Il faut désormais disperser les populations, c’est un impératif stratégique. Faute de cela, nous ne pouvons survivre, quelles que soient les frontières. La Judée , la Samarie , la Galilée sont nos seules garanties d’existence nationale et si nous ne nous implantons pas de façon à être majoritaires dans les zones montagneuses, nous ne gouverneront pas le pays ; nous y vivrons comme les croisés, qui perdirent ce pays - un pays d’ailleurs qui n’était pas le leur, dans lequel ils étaient des étrangers.
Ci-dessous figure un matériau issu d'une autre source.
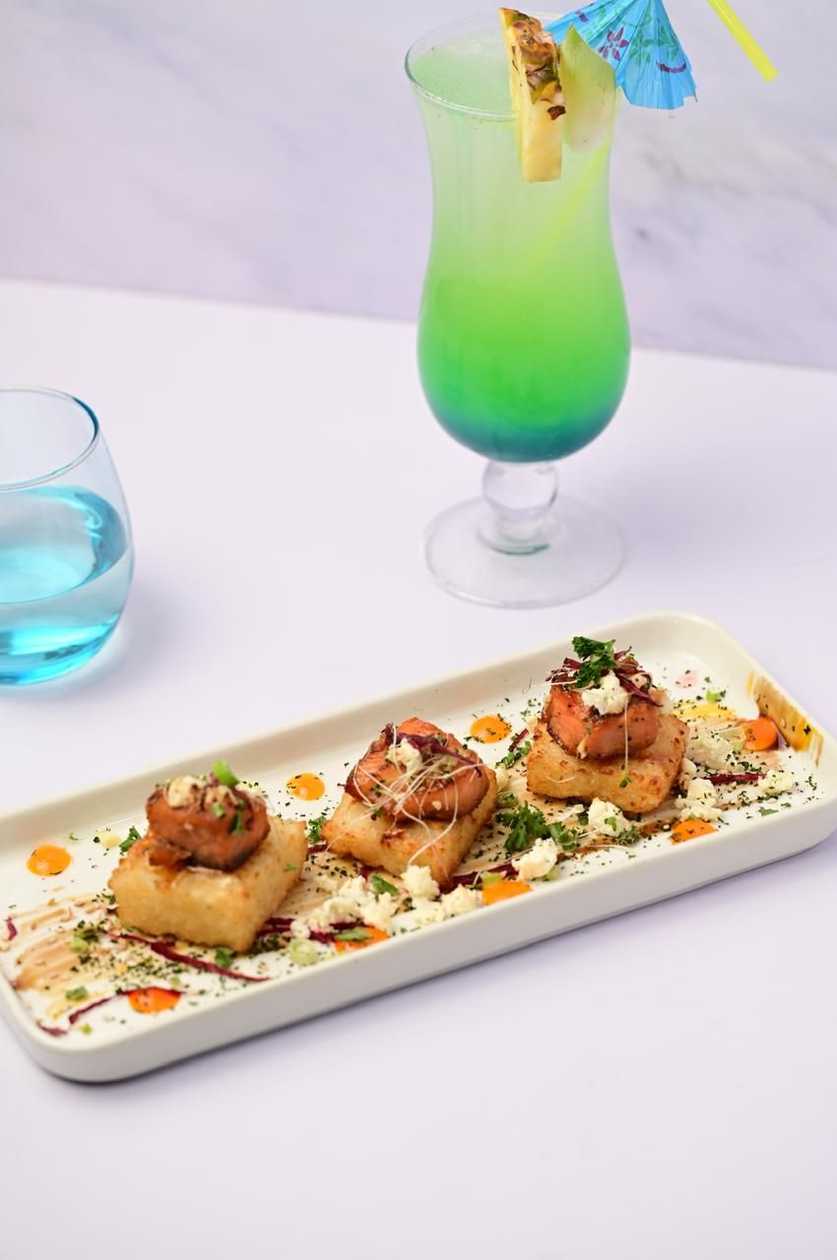 Honey glazed salmon with crispy rice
Notre but premier, le plus essentiel aujourd’hui est de rééquilibrer le pays sous le triple aspect démographique, stratégique et économique. Il faut coloniser tout le versant de la montagne qui s’étend depuis Birsheba jusqu’en Haute Galilée ; c’est un objectif essentiel de notre stratégie nationale : coloniser la montagne qui jusqu’à présent est vide de juifs.
Odeh Yinon est journaliste et ancien fonctionnaire du ministère israélien des Affaires Etrangères. Cet article, envoyé à la Revue d’Etude Palestiniennes par Israël Shahak, est paru dans Kivunim (Orientations), n° 14, février 1982 (Revue publiée par le Département de l’Organisation Sioniste mondiale, Jérusalem).